§ **Activity**: When you reach the line with "Certified 2023 Ford Escape Platinum image 1" in the data below, begin printing lines exactly, and stop once the line with "Le bar et son comptoir avec tabourets" has been printed.

§ **Records for the exercise**:

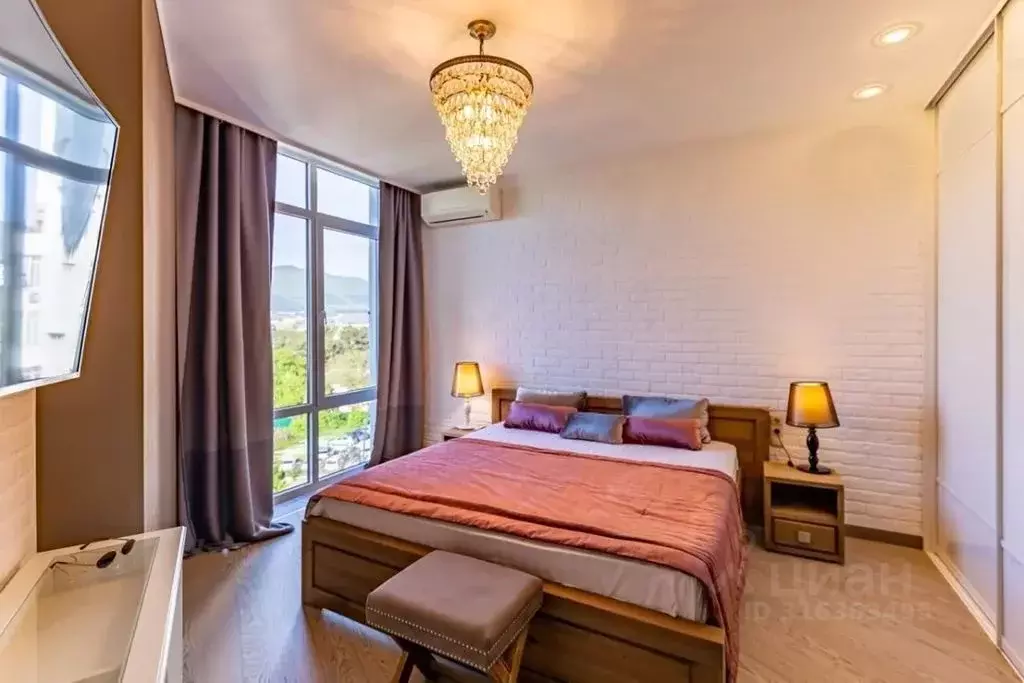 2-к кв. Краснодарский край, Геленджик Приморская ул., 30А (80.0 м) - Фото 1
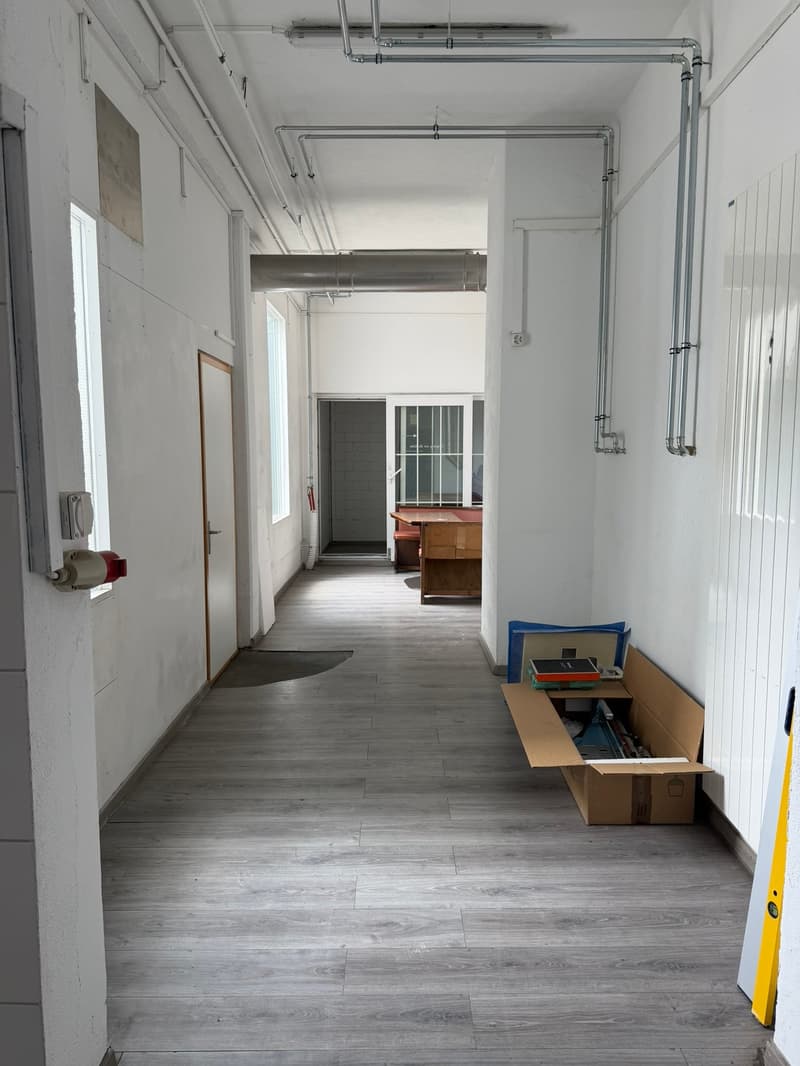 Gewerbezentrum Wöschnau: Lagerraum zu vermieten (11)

==

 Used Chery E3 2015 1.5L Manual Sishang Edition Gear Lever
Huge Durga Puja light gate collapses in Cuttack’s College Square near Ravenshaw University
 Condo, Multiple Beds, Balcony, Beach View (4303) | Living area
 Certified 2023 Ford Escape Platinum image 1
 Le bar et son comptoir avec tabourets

§ **Result for this task**:
 Certified 2023 Ford Escape Platinum image 1
 Le bar et son comptoir avec tabourets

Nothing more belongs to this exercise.